To ensure that the technological aspects of our teachings were maintained in quality and coordinated, Julian M. Fore, Professor, with a background of experience with the Tennessee Valley Authority, Michigan State University, two commercial companies and a M.S.A.E. degree from Purdue University was placed “in-charge.” He came to us from Massachusetts in 1956.
One of the programs Fore supported was the education of countless numbers of North Carolinians who, for various reasons, do nor elect to pursue a four year program. Society as a whole can only be adequately served by providing a wide variety of educational opportunities. Thus a two year program was initiated in 1960 for those who desire to work in the agricultural industrial field. Such programs are organized under the Agricultural Institute of the School of Agriculture and Life Sciences. Excellence of the training offered is maintained by using the regular faculty of the four year program.
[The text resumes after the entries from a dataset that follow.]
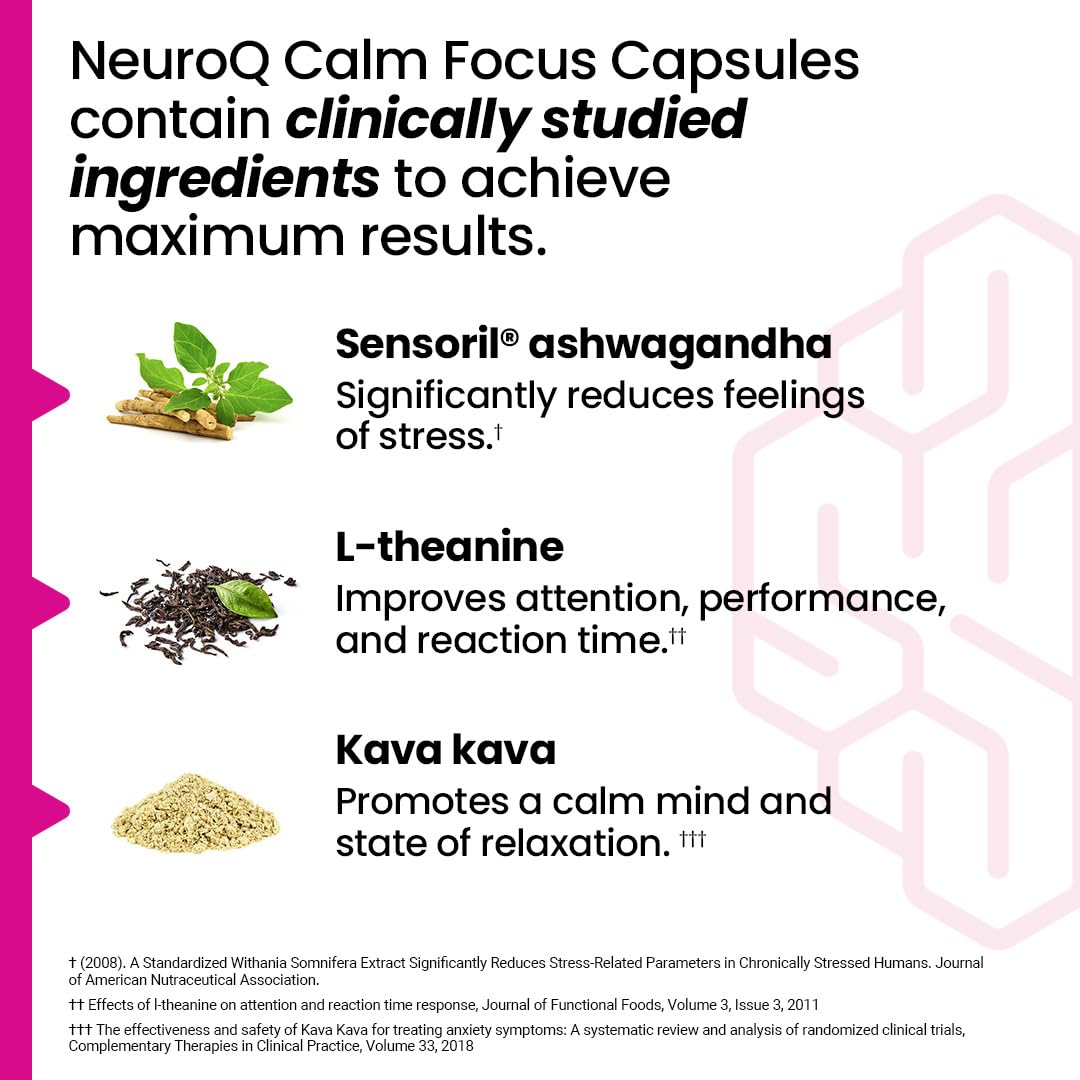 LifeSeasons NeuroQ Calm Focus Capsules - Stress Relief Supplement - Supports Mental Function & Relaxation - Sensoril Ashwagandha, Magnesium, GABA, L-Theanine, Andean Cocoa & Kava Kava - 60 Capsules LifeSeasons Au supplements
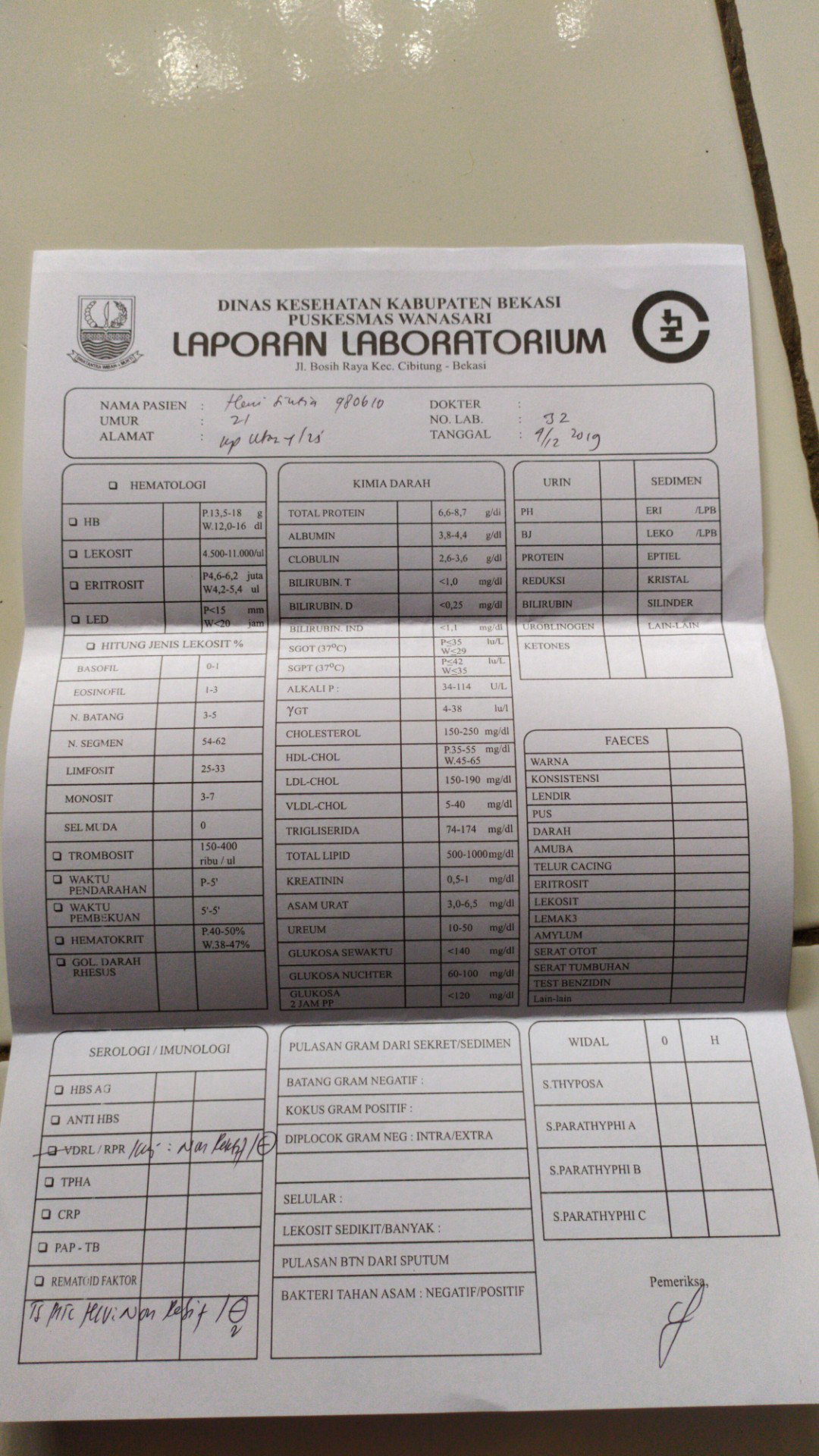 hasil cek lab
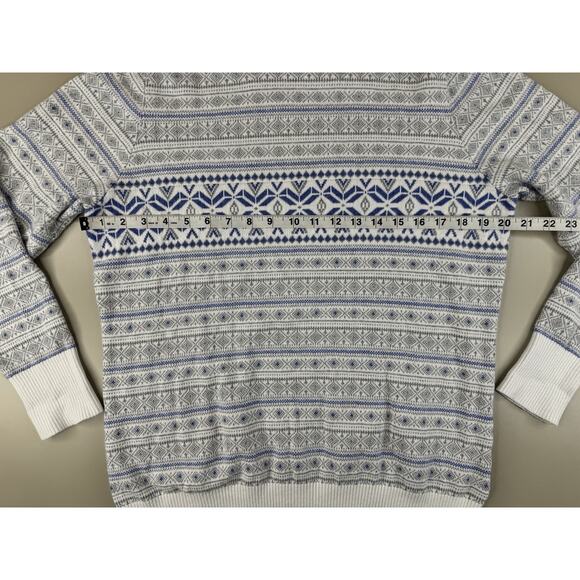 LL Bean Women's Fair Isle Cashmere Cotton Blend Sweater M Turtleneck Nordic - Picture 2 of 9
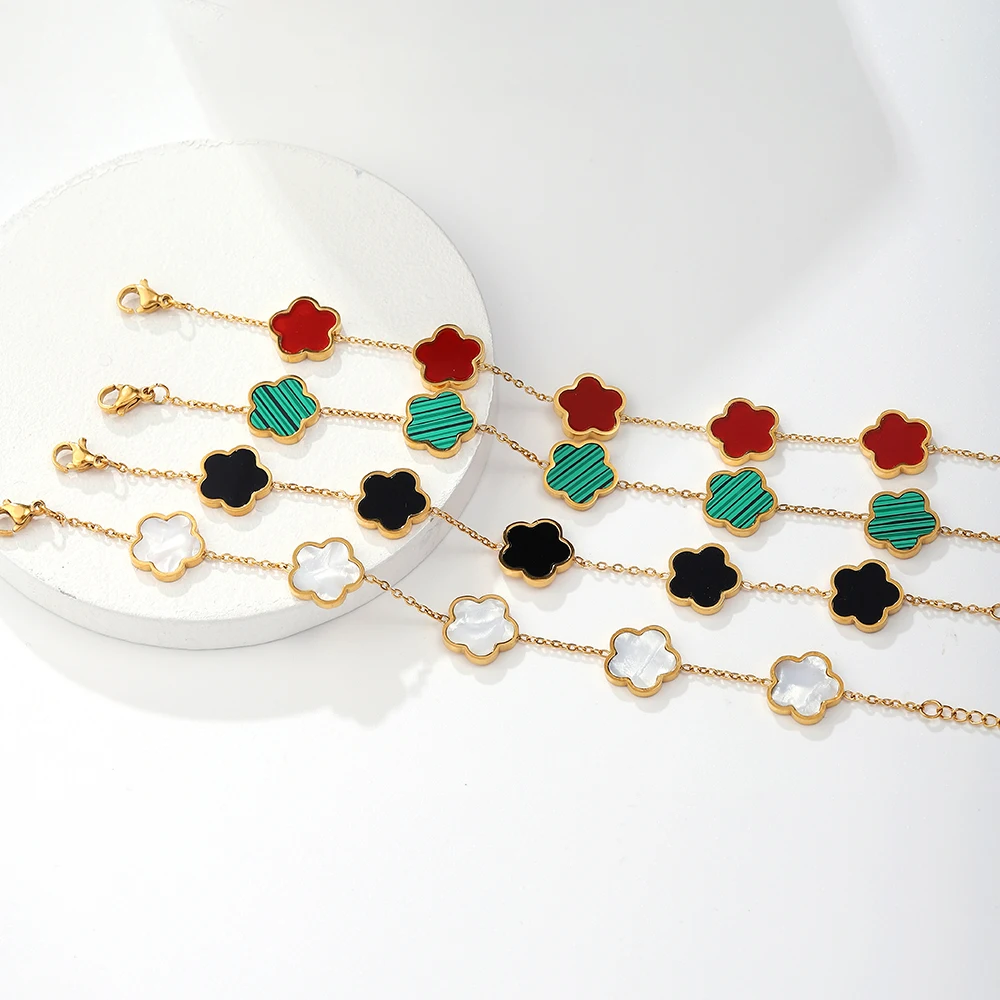 Trendy Colorful Shell 5 Flowers Charm Bracelet for Women Stainless Steel Chain Gold Plated No Fade Bracelet Five Leaf Jewelry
Farm Equipment Sales and Services was offered by the department with the first graduates receiving a diploma of “Associate in Applied Agriculture— Farm Equipment Sales and Service” in May 1962. Starting in 1972 the latter part of the diploma read”… Agricultural Equipment Technology. Through May 1976 a total of 138 students have graduated.
Research the Essential Element
In recording the past and looking to the future the department has always recognized the importance of research not only to society but to our instructional and extension activities too. That is why the reader will find it woven throughout this historical episode. Research activities exist for the purpose of solving problems—this being the means by which progress is achieved. If we are to teach students, particularly those who go into graduate study, we must have available dynamic problem solving laboratories, equipment and activities. The new technologies of agriculture, carried to the farmers by the extension and industrial workers, are based in large measure on the results of research.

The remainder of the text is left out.